Take journalism, for example. That’s what I did in a TEDx talk I gave last month in Santa Barbara:

I next visited several adjacent territories with a collection of brilliant folk at the Ostrom Workshop on Smart Cities. (Which was live-streamed, but I’m not sure is archived yet. Need to check.)

Among those folk was Brett Frischmann, whose canonical work on infrastructure I covered here, and who in Re-Engineering Humanity (with Evan Selinger) explains exactly how giants in the digital infrastructure business are hacking the shit out of us—a topic I also visit in Engineers vs. Re-Engineering (my August editorial in Linux Journal).

Now also comes Bruce Schneier, with his perfectly titled book Click Here to Kill Everybody: Security and Survival in a Hyper-Connected World, which Farhad Manjoo in The New York Times sources in A Future Where Everything Becomes a Computer Is as Creepy as You Feared. Pull-quote: “In our government-can’t-do-anything-ever society, I don’t see any reining in of the corporate trends.”

In The Age of Surveillance Capitalism: The Fight for a Human Future at the New Frontier of Power, a monumental work due out in January (and for which I’ve seen some advance galleys) Shoshana Zuboff makes both cases (and several more) at impressive length and depth.

Privacy plays in all of these, because we don’t have it yet in the digital world. Or not much of it, anyway.

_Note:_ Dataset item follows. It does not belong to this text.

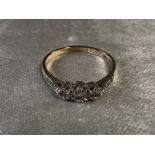 A 9CT GOLD DIAMOND RING, THREE DIAMONDS SET IN ROW WITH DIAMONDS ON SHOULDER SIZE R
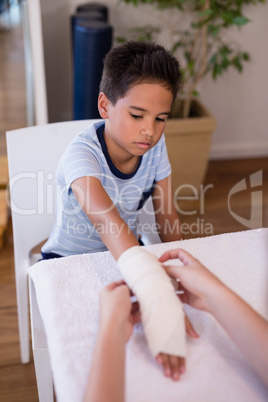 Boy looking at female therapist wrapping bandage on hand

In reverse chronological order, here’s just some what I’ve said on the topic:

So here we are: naked in the virtual world, just like we were in the natural one before we invented clothing and shelter.

And that’s the challenge: to equip ourselves to live private and safe lives, and not just public and endangered ones, in our new virtual world.

Some of us have taken up that challenge too: with ProjectVRM, with Customer Commons, and with allied efforts listed here.

And I’m optimistic about our prospects.

I’ll also be detailing that optimism in the midst of a speech titled “Why adtech sucks and needs to be killed” next Wednesday (October 17th) at An Evening with Advertising Heretics in NYC. Being at the Anne L. Bernstein Theater on West 50th, it’s my off-Broadway debut. The price is a whopping $10.

 

 



2 responses to “Toward no longer running naked through the digital world”

  1. Doc-
    Any clues on how to subscribe to the Reality 2.0 podcast? It isn’t listed in iTunes, and the button on the LJ website is broken.

    Thx!

    1. We’re still shaking it down, JB. Stay tuned.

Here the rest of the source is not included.